In college one learns though gen. ed classes and GPA, that it is not as important to learn a subject as it is to know the subject better than everyone else in your class. One can have no clue what they are doing as long as everyone else is just as lost. It’s more about jumping through the professors hoops, than it is about learning a subject.
In the real world, there are way to many students to be the best. Someone will always be better than me and someone will always be worse. Therefore my only competition is myself. Perfection has become my competitor… and nothing I create will ever be good enough.
If that’s not discouraging enough, there is a power that controls the real world and everyone’s way of life. Despite our talent or our depth of understanding we are not in control. People we do not know make decisions that control us. It is all very overwhelming.

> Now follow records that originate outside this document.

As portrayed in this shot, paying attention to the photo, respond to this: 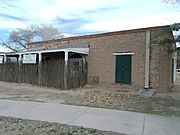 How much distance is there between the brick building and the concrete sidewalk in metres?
7.16

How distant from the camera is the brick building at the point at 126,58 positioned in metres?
14.9

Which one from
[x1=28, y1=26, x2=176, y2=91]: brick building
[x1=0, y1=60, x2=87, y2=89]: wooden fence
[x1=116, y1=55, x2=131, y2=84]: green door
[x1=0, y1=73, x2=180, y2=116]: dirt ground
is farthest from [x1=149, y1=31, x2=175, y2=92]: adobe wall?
[x1=0, y1=60, x2=87, y2=89]: wooden fence

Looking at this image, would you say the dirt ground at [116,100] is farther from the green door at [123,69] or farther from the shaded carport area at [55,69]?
the green door at [123,69]

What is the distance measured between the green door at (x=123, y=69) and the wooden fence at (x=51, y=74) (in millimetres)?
2751

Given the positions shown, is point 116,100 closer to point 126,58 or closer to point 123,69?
point 123,69

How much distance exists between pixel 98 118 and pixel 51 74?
9840mm

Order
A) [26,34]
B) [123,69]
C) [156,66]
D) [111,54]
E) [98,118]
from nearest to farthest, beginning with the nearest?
[98,118] → [156,66] → [123,69] → [111,54] → [26,34]

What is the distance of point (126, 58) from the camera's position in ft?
52.9

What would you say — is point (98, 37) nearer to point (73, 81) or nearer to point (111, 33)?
point (111, 33)

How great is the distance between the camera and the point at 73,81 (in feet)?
52.7

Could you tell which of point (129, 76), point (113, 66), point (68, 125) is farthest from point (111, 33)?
point (68, 125)

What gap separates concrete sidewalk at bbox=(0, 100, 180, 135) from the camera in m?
6.00

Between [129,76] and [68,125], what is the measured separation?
10302 mm

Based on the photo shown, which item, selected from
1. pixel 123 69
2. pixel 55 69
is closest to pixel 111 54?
pixel 123 69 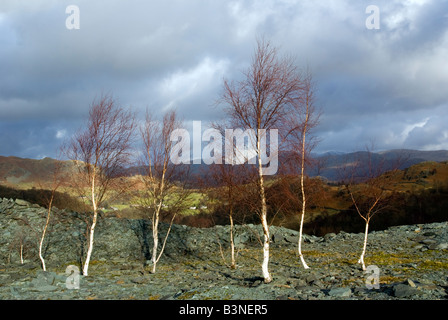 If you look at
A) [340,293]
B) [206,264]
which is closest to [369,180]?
[340,293]

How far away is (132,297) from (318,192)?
487 inches

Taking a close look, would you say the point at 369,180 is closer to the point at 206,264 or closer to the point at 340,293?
the point at 340,293

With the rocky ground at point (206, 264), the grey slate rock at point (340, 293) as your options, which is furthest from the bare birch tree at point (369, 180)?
the grey slate rock at point (340, 293)

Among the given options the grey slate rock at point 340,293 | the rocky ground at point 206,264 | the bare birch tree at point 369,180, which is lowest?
the rocky ground at point 206,264

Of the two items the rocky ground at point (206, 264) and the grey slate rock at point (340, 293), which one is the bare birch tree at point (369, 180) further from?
the grey slate rock at point (340, 293)

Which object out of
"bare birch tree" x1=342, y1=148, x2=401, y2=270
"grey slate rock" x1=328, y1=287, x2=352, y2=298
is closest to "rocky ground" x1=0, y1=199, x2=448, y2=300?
"grey slate rock" x1=328, y1=287, x2=352, y2=298

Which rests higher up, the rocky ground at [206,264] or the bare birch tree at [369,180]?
the bare birch tree at [369,180]

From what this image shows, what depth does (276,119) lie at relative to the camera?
588 inches

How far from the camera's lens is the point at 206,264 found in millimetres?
24719

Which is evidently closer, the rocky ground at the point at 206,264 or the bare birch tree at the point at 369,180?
the rocky ground at the point at 206,264

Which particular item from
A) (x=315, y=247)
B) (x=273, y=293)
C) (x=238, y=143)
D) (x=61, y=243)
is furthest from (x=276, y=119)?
(x=61, y=243)

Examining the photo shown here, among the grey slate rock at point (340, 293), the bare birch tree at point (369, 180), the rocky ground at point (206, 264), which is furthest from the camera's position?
the bare birch tree at point (369, 180)

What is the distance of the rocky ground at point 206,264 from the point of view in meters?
12.8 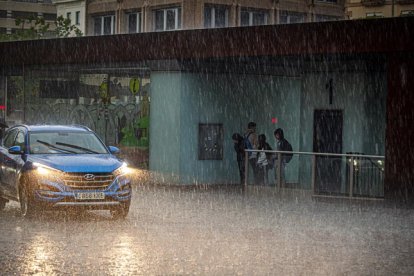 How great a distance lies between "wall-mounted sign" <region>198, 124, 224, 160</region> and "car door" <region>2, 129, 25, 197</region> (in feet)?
28.0

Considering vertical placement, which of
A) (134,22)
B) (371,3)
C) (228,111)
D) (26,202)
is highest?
(371,3)

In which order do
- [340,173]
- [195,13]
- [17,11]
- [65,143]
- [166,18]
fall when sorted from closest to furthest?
[65,143], [340,173], [195,13], [166,18], [17,11]

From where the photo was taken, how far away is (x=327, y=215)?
1841 centimetres

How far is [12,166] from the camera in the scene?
680 inches

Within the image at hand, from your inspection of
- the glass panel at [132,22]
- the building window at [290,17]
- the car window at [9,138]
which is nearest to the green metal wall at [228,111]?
the car window at [9,138]

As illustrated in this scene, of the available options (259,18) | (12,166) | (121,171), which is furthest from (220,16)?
(121,171)

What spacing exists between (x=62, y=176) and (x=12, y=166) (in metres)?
1.71

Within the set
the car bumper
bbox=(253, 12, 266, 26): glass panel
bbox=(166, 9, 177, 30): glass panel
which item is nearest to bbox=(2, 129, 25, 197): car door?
the car bumper

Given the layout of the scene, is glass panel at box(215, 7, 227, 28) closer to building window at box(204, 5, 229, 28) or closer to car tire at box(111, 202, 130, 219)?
building window at box(204, 5, 229, 28)

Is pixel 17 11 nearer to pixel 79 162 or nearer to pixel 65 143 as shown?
pixel 65 143

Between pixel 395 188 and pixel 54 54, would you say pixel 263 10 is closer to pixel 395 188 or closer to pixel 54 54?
pixel 54 54

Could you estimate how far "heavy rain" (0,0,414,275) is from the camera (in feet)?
41.3

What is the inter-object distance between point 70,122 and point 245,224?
1634 centimetres

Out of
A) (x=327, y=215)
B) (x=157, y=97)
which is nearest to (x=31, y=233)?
(x=327, y=215) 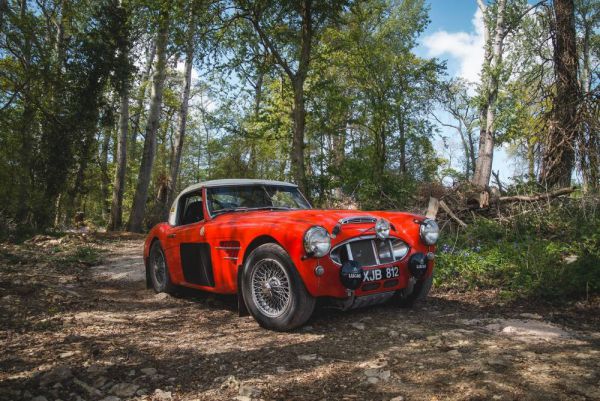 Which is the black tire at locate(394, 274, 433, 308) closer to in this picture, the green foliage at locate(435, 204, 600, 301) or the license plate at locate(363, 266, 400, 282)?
the license plate at locate(363, 266, 400, 282)

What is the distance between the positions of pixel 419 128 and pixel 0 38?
630 inches

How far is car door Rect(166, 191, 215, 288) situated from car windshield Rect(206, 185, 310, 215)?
203 mm

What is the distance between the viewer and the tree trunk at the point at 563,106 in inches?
312

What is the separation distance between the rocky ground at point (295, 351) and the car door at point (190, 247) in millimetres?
410

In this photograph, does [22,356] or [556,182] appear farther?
[556,182]

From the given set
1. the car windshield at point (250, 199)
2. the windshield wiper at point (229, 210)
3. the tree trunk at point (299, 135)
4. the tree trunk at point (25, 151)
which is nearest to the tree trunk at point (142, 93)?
the tree trunk at point (25, 151)

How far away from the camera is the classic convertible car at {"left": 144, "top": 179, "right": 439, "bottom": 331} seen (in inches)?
157

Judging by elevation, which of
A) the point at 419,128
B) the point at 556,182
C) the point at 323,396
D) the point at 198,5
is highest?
the point at 198,5

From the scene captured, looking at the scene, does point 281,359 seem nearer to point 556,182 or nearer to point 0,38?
point 556,182

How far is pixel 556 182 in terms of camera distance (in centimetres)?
812

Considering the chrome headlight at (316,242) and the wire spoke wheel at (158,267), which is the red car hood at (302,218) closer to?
the chrome headlight at (316,242)

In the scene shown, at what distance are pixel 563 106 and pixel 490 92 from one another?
10.5m

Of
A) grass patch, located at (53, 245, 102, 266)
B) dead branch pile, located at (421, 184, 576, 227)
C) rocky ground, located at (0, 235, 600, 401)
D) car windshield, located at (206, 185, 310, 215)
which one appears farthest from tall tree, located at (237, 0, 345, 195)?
rocky ground, located at (0, 235, 600, 401)

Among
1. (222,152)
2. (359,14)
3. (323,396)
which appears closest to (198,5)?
(359,14) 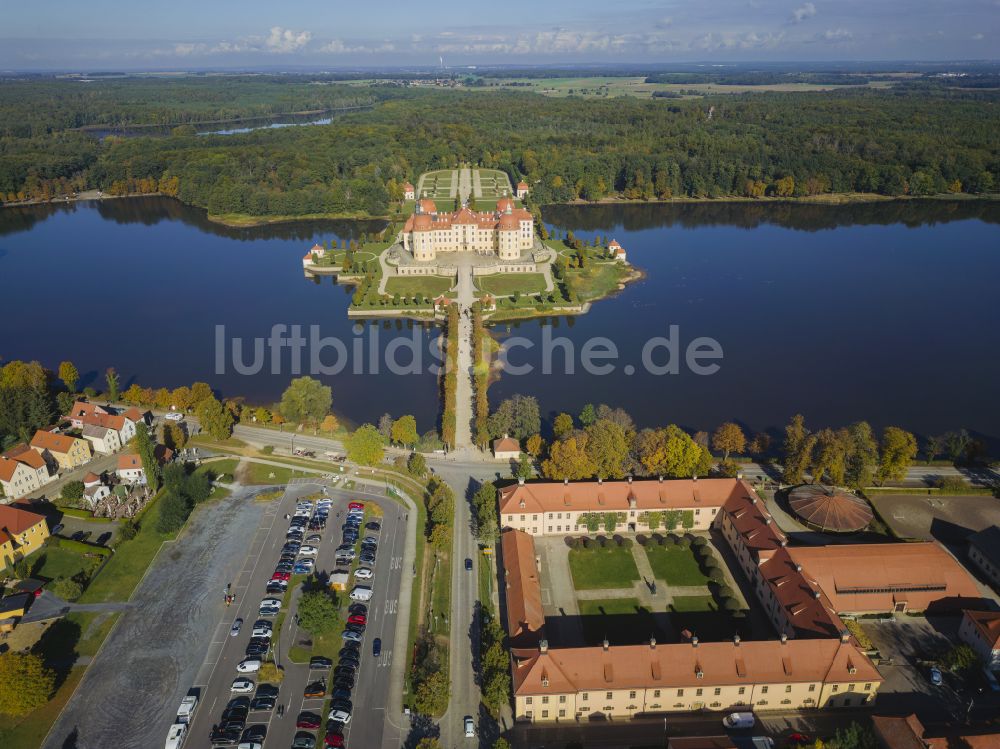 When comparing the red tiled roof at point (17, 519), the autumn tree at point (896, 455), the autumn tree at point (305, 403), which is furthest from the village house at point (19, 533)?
the autumn tree at point (896, 455)

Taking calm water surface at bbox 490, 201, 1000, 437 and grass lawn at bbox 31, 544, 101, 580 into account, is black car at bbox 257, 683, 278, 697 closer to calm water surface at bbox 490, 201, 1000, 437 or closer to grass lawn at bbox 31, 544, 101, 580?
grass lawn at bbox 31, 544, 101, 580

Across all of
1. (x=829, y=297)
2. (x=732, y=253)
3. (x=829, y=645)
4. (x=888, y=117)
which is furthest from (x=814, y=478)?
(x=888, y=117)

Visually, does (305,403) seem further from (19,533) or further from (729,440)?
(729,440)

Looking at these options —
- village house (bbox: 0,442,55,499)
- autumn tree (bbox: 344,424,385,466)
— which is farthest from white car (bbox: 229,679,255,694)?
village house (bbox: 0,442,55,499)

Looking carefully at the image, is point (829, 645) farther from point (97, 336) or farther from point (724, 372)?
point (97, 336)

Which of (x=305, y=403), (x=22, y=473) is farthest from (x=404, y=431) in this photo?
(x=22, y=473)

Two ideas learned in the “real world”: perfection and control — both unattainable.
Jurgen Moltmann has this idea: “the power of the powerless.” It’s where I recognize my own vulnerability and own the fact that I lack in regards to perfection and I am defenseless in regards to control. Mysteriously, when I admit this… there is no power over me because I have chosen to have none.
The idea didn’t originate with Moltman… it originates with God… Jesus did not say a word at his trial. He hung helpless on a cross… he owned vulnerability and weakness.
So when I think about this big, real world and all the ways that I try be better than everyone else, exemplify perfection, and possess control, I think about God who continues to wait for me to learn that, “when I am weak, then I am strong” (2 Cor. 12:9-10)
Thoughts inspired by: Richard Foster, The Challange of a Disciplined Life, (New York: HarperCollins Publishers, 1985), p. 204-05.